Eleanor (trocken): Ich lebe in deinem Kopf. Wo sollte ich sonst sein?

Ich: Ja...fangen wir doch an. Erste Frage: Wie würdest du deinen Stil bezeichnen?

Eleanor: Stil?

Ich: Naja...deine Kleider sind ja eher so englisch-klassischer Akademiker...

Eleanor: Ich lebe in Oxford! Erwartest du, dass ich bauchfrei rumlaufe oder was?

Ich: Nächste Frage...Lieblingsbuch?

Eleanor: Zu viele, um hier alle zu nennen. 

Ich: Lieblingsgedicht? 

Eleanor: Im Moment Gethsemane von Mary Oliver. Aber ich mag auch die Texte von Tolkien sehr gerne. "Nicht alles, was Gold ist, glitzert. Nicht alle, die wandern sind verloren"...da liegt viel Weisheit drin. 

Ich: Lieblingslied?

Eleanor: Samuel Barbers Adagio for stings. Aber grundsätzlich überwiegend klassische Musik. 

Ich: Lieblingskunstwerk?

Eleanor: Michelangelo's Pieta. Und ein paar Statuen von Bernini. 
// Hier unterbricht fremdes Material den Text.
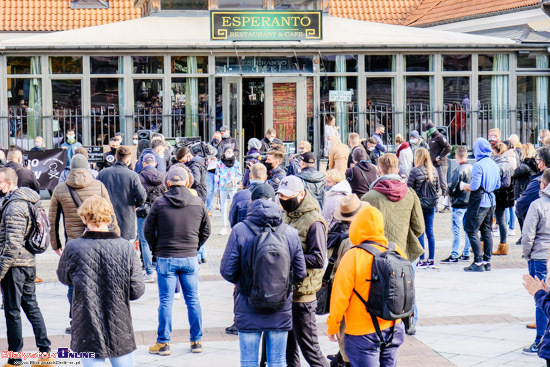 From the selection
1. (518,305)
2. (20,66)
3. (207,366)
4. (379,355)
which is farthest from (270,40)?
(379,355)

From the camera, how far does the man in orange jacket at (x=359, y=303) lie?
587cm

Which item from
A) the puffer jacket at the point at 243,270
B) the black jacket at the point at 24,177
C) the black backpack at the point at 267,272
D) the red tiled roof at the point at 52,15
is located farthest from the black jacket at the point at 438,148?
the red tiled roof at the point at 52,15

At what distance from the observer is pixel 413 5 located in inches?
1444

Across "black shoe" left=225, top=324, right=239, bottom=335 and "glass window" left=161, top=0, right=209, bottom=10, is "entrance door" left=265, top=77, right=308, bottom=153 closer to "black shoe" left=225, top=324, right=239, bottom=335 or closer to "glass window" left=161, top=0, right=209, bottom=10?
"glass window" left=161, top=0, right=209, bottom=10

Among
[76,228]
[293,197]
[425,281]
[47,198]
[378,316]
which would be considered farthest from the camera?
[47,198]

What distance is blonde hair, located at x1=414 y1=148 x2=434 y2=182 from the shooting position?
1246cm

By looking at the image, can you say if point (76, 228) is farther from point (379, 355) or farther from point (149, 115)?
point (149, 115)

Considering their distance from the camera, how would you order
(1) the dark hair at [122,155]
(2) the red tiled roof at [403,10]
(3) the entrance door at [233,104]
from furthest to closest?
(2) the red tiled roof at [403,10] → (3) the entrance door at [233,104] → (1) the dark hair at [122,155]

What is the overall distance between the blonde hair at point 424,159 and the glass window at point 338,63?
439 inches

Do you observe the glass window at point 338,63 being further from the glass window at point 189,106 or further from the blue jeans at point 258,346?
the blue jeans at point 258,346

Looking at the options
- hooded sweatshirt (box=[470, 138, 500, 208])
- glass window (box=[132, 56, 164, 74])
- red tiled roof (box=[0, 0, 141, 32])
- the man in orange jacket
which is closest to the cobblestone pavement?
hooded sweatshirt (box=[470, 138, 500, 208])

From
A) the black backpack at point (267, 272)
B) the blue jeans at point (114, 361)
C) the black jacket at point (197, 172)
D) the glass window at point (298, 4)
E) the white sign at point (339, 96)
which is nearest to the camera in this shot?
the blue jeans at point (114, 361)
Ich: Was machst du in deiner Freizeit?

Eleanor: Lesen. Dasitzen und denken. Kochen. Das habe ich wohl von meinem Vater. Und ich mag es, neue Dinge zu lernen.
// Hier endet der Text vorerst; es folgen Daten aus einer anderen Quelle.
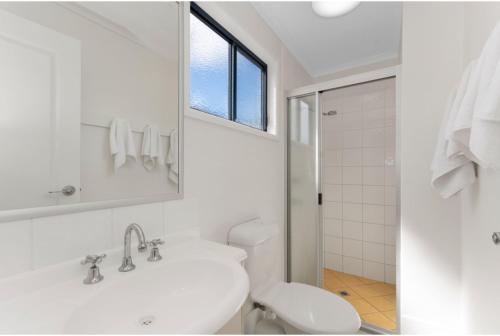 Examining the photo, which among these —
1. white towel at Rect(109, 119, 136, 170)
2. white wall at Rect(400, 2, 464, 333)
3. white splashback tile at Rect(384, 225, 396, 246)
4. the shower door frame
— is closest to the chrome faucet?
white towel at Rect(109, 119, 136, 170)

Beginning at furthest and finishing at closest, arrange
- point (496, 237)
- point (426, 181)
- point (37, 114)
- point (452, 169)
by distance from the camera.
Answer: point (426, 181)
point (452, 169)
point (496, 237)
point (37, 114)

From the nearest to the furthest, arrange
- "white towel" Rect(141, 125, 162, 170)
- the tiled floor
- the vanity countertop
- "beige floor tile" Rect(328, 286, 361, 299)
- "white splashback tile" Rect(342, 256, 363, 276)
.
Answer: the vanity countertop < "white towel" Rect(141, 125, 162, 170) < the tiled floor < "beige floor tile" Rect(328, 286, 361, 299) < "white splashback tile" Rect(342, 256, 363, 276)

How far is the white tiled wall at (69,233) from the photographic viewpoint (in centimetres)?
59

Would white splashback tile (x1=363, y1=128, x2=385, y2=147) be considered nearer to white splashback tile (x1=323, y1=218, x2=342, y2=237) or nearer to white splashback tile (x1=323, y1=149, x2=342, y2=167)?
white splashback tile (x1=323, y1=149, x2=342, y2=167)

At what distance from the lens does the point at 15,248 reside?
596 millimetres

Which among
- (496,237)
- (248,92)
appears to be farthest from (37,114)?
(496,237)

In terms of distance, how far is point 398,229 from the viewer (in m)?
1.46

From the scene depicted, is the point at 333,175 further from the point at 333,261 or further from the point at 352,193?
the point at 333,261

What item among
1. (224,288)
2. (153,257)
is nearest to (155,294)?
(153,257)

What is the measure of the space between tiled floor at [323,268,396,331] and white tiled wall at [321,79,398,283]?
0.33 ft

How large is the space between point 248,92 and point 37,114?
1.32 m

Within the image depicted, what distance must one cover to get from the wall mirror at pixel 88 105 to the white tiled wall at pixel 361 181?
1.89 meters

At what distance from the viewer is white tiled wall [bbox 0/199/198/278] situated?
1.95 ft

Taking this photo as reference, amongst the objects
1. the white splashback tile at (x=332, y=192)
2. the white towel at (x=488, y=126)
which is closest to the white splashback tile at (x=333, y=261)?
the white splashback tile at (x=332, y=192) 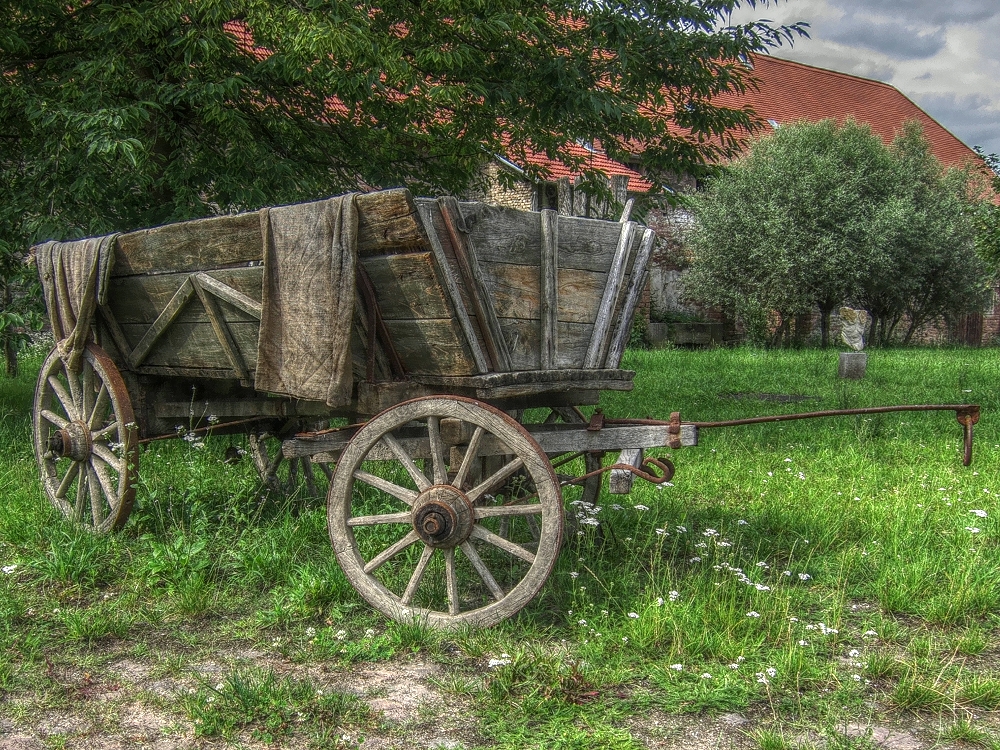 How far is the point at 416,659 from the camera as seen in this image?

Ich: Gibt es einen Studiengegenstand, der dich besonders fasziniert?

Eleanor: Theologie. 

Ich: Tatsächlich? Warum?

Eleanor: Die Gottesfrage ist das letzte wahre Mysterium dieser Welt. Der letzte Schleier, hinter den wir nicht blicken können. Ich verstehe nicht, wie einen das kaltlassen kann.

Muss ich mich und mein Leben irgendwann vor dem verantworten, der es mir gegeben hat? Das sind keine trivialen Fragen. Letztlich entscheidet sich alles im Leben an der Frage: Gibt es einen Gott und wenn ja wie ist er?

Ich: Gibt es denn Dinge in deinem Leben, die du bereust?

Eleanor: Ja.

Ich: Was bereust davon am meisten?

Eleanor: Dass ich nicht für meine Schwester da war, als sie mich brauchte. Dass ich ihr nicht gezeigt habe, wie wichtig sie für mich ist. 

Ich: Hast du Angst vor dem Tod?

Eleanor: Ich glaube, kein Mensch kann diese Frage ehrlich verneinen. 

Ich: Hast du Schwächen?

Eleanor (lacht): Eine Menge. 

Ich: Zum Beispiel?

Eleanor: Meinen Stolz. Die Tendenz, auf andere herabzublicken. Meine Verführbarkeit, was Macht betrifft. Es fällt mir schwer, Nähe zuzulassen und den Menschen in meinem Umfeld zu zeigen, dass ich sie liebe. Oder zuzugeben, dass ich etwas nicht allein schaffe. Ich kann ziemlich stur sein. 

Ich: Und Stärken?

Eleanor: Ich glaube, ich bin ziemlich gut im kritisch denken. Mir macht niemand so schnell was vor. Und ich habe Menschenkenntnis, sagt man zumindest. 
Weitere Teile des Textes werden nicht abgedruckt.